• **WHAT THIS TASK INVOLVES**
Nothing but the lines from the one showing "-老东镇啤酒屋海鲜加工·蒸汽海鲜·海鲜烧烤(台东店)" through the final line of the data below belongs in the answer, duplicated exactly and without pictures.
### DATA TO PROCESS
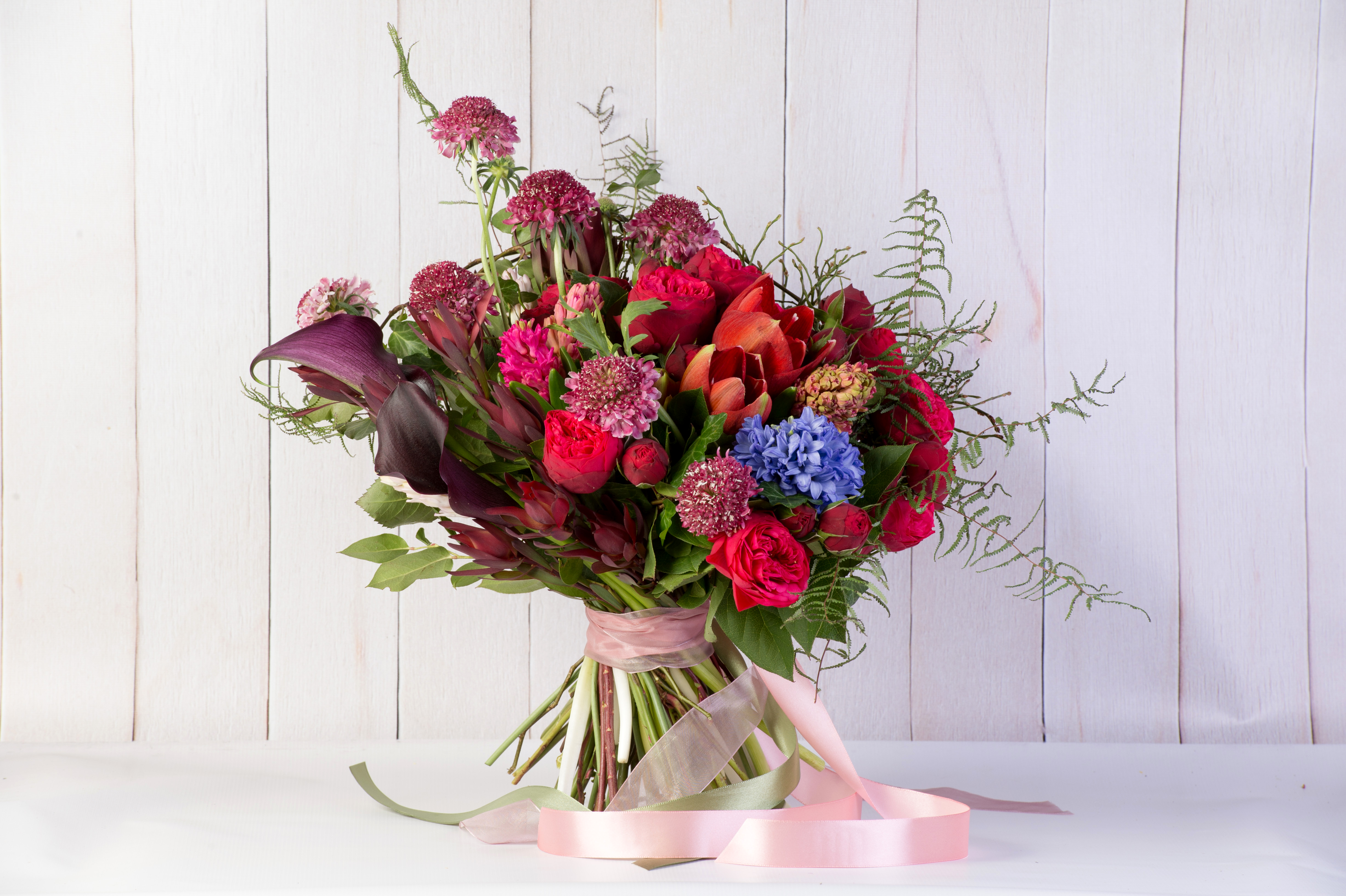 798528 скачать обои роза, букет, тюльпан, сделано человеком, цветок, калла, гиацинт, красный цветок, лента - заставки и картинки бесплатно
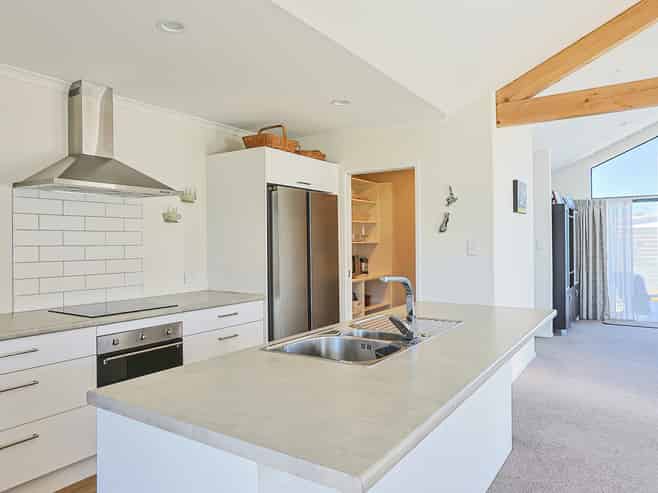 14 Manapouri Street, Poraiti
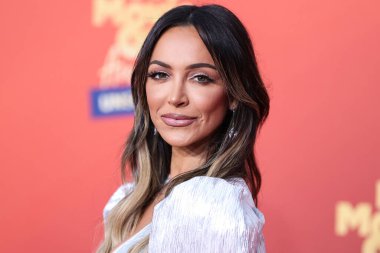 5 Haziran 'da yayınlanan bu resimde Farrah Brittany Aldjufrie 2022 MTV Film ve TV Ödülleri' ne ulaşır: Santa Monica, Los Angeles, Kaliforniya 'daki The Barker Hangar' da UNSCRIPTED. 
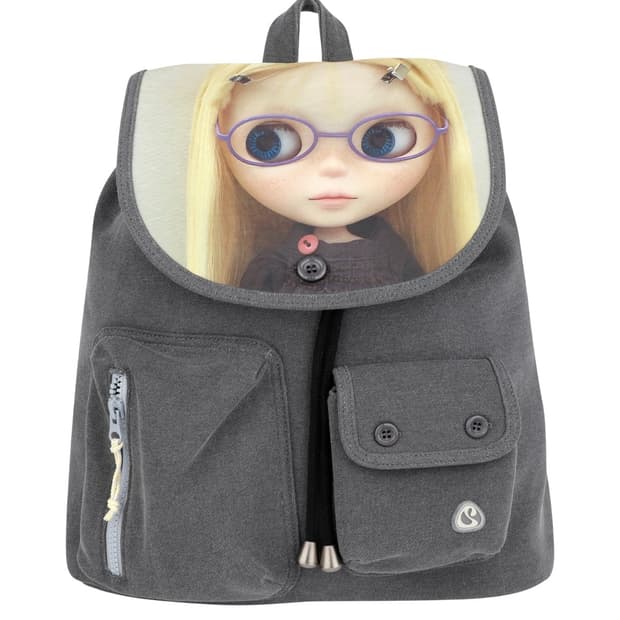 코이세이오x브라이스 백팩 차콜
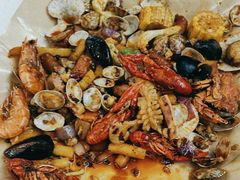 -老东镇啤酒屋海鲜加工·蒸汽海鲜·海鲜烧烤(台东店)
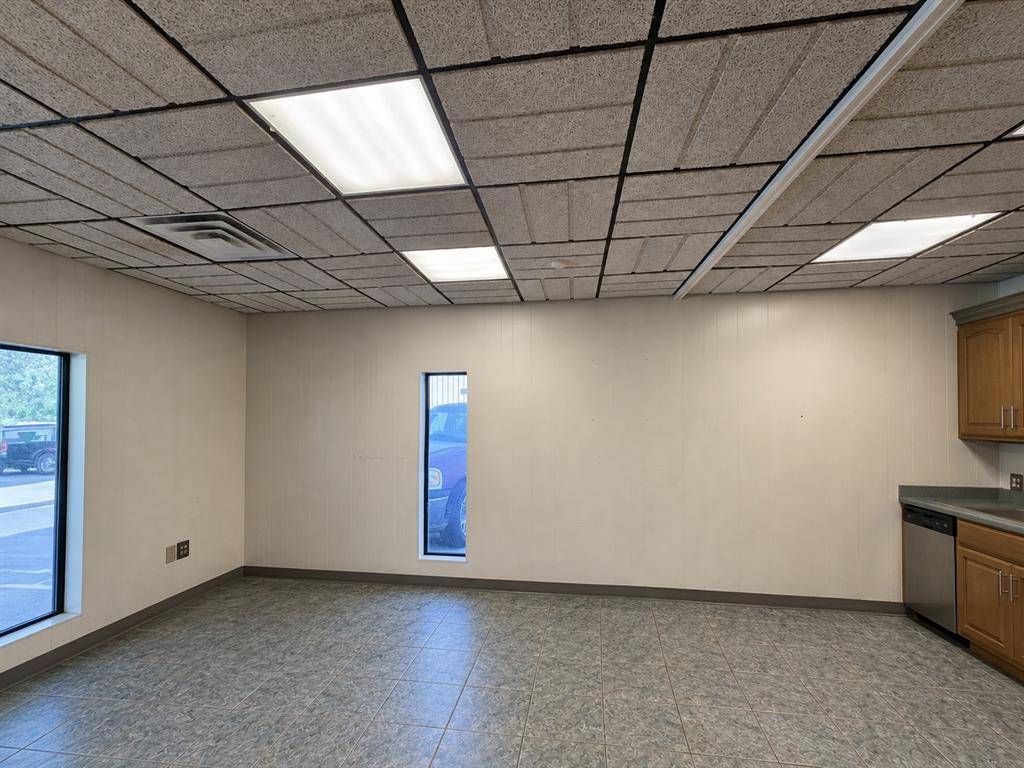 11991 N Highway 99, Seminole, OK 74868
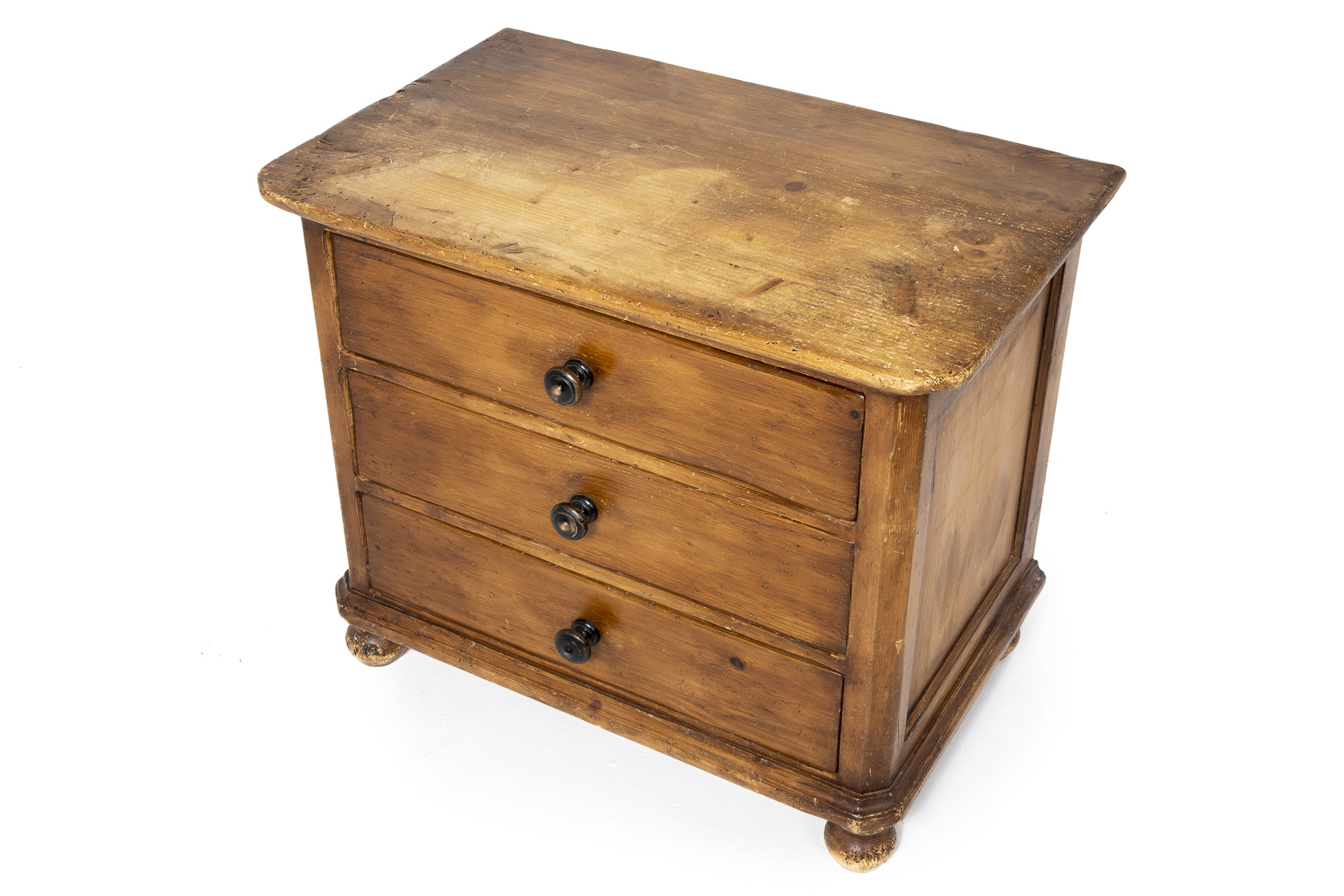 A SMALL ANTIQUE CHEST OF DRAWERS - Image 2 of 3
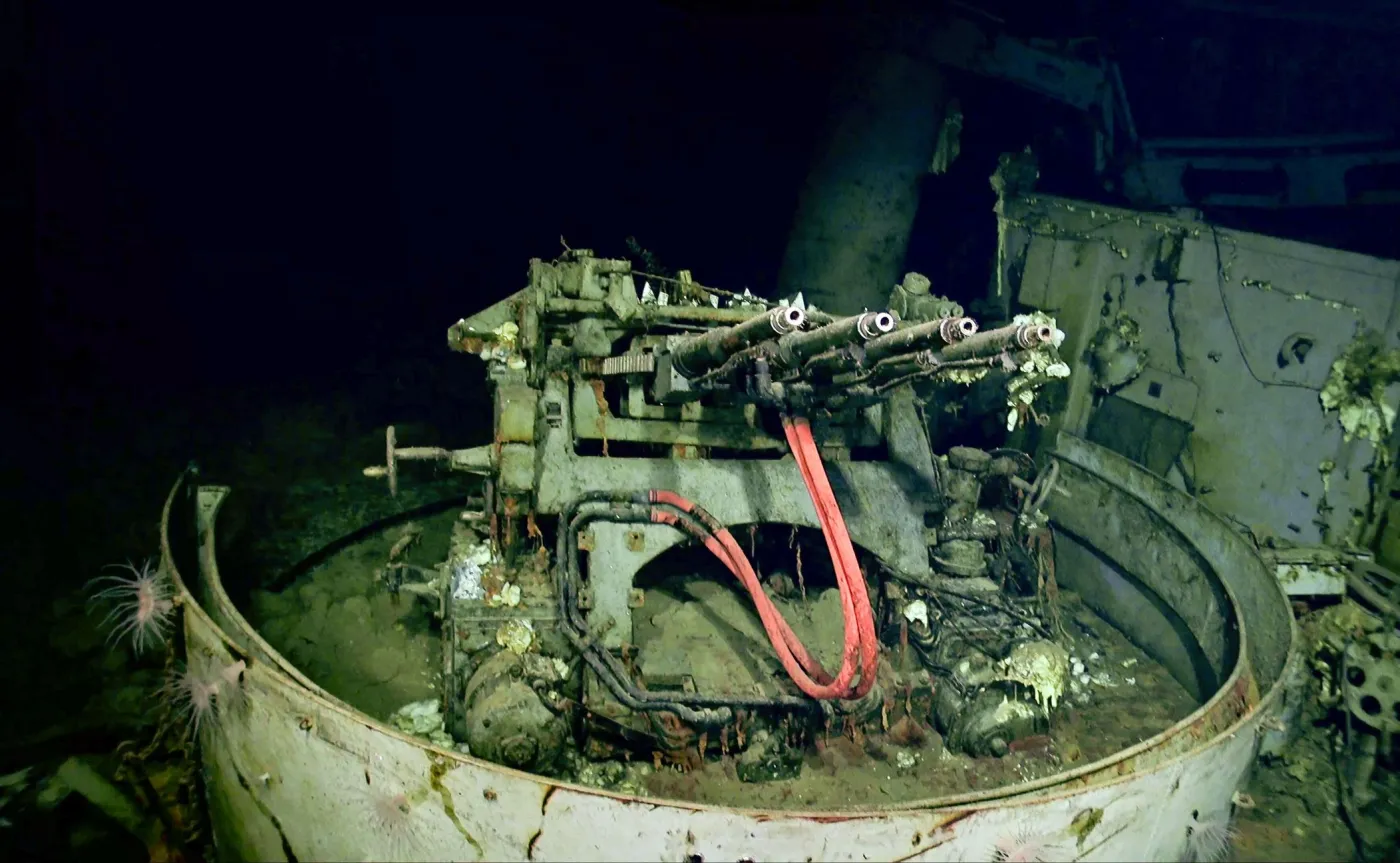 12127827-wrak-uss-hornet.jpeg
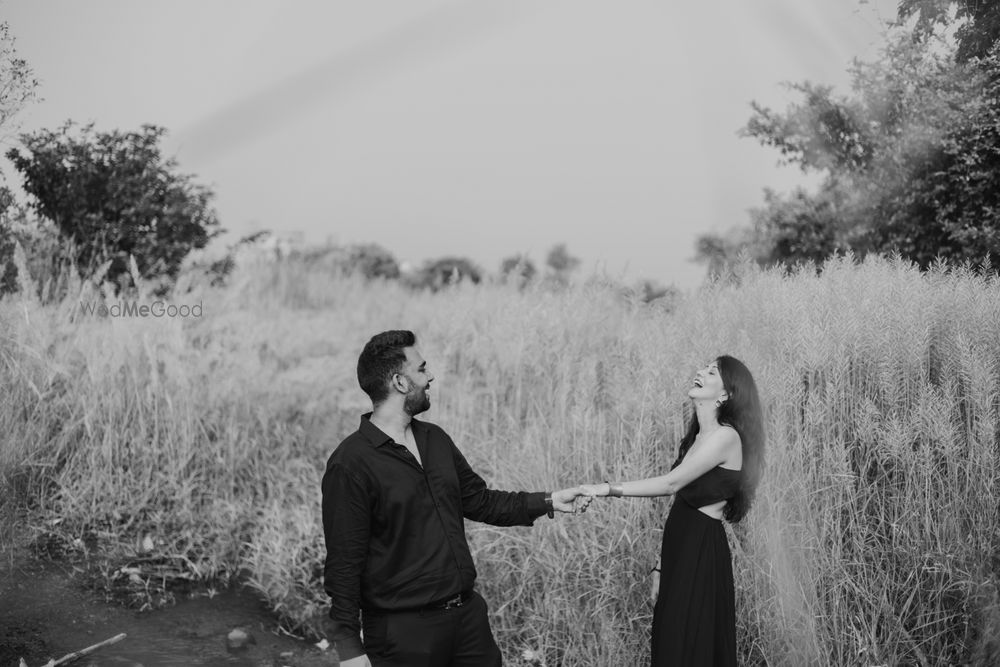 Photo From Akshita Pre Wedding - By Yogi Zaveri Photography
######
• **TASK RESPONSE**
 -老东镇啤酒屋海鲜加工·蒸汽海鲜·海鲜烧烤(台东店)
 11991 N Highway 99, Seminole, OK 74868
 A SMALL ANTIQUE CHEST OF DRAWERS - Image 2 of 3
 12127827-wrak-uss-hornet.jpeg
 Photo From Akshita Pre Wedding - By Yogi Zaveri Photography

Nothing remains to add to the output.